In prison, he assigns himself an ambitious general education program and succeeds in catching up with the lost years. He also learns about, and is very impressed with the theses of the self-proclaimed prophet of the Islam, Elijah Muhammed, leader of the “Nation of the Islam”, a then small religious group. When he quits prison, he integrates this movement, and, due to his exceptional talents as a public speaker, quickly becomes the n° 2 of this sect. Whilst in the public arena, the “Nation of Islam” will undoubtedly be his best supporter, but it will also become his worst enemy when later on, he distances himself from the doubtful methods of the “prophet”. In his short public career, Malcolm has given his pride to the black man. As a matter of fact, very early, he assumed the name Malcolm X since, at times of slavery, no one knew the original names of African slaves. The “X” should provide a sense of mystery and threat…It was a political gesture in order to reject this past and ( re-connect black Americans to their African roots) .

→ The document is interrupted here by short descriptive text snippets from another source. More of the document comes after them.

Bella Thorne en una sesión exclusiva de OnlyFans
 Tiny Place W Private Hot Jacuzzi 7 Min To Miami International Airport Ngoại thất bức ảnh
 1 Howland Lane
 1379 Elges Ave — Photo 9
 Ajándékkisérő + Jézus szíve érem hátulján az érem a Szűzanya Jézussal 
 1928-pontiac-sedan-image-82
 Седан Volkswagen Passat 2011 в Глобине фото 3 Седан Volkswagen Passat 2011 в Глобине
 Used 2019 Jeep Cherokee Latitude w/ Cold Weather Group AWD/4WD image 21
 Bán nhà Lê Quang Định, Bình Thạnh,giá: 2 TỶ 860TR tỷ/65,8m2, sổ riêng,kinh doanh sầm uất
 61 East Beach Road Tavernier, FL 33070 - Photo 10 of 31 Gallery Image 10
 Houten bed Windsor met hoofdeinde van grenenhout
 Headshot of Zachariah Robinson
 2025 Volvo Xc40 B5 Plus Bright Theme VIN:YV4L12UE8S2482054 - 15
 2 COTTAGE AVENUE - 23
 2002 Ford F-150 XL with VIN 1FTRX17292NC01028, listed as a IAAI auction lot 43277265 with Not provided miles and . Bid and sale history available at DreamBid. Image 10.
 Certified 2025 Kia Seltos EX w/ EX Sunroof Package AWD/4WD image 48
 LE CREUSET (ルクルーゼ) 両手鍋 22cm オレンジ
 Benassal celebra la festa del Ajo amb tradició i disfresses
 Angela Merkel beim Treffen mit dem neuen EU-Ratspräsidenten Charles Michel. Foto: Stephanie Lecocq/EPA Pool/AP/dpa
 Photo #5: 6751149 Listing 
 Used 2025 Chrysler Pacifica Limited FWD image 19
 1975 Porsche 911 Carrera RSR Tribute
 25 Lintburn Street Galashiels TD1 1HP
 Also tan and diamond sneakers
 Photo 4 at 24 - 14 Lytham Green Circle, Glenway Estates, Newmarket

Today, more than 40 years after his death, for some his name still stands for violent black activism: his anti-white acid and incendiary speeches are still quoted by advocates of violence. But for many others, his name has become the symbol for peaceful means to resolve racial issues, in particular in periods of hostility between Christians and Moslems. For those, he represents the fraternity of all people regardless of their race, religion or belief. Therefore, like Martin Luther King and Gandhi, he will remain in the Pantheon of those who have changed the world. And like them, he will be assassinated.

On the 21st of February 1965, whilst he delivers a speech in New York to mark the opening of the “National Week of Fraternity”, he is shot in the presence of his wife and his children. Malcolm X had only just turned 39. We know that the assassins were defenders of the “Nation of the Islam”, but who the commissioners were, has never been established. This 52 minutes documentary looks at the serious leads explaining his assassination, while presenting the dramatic arc of his life, and the impact of the contradictions of this outstanding personnality.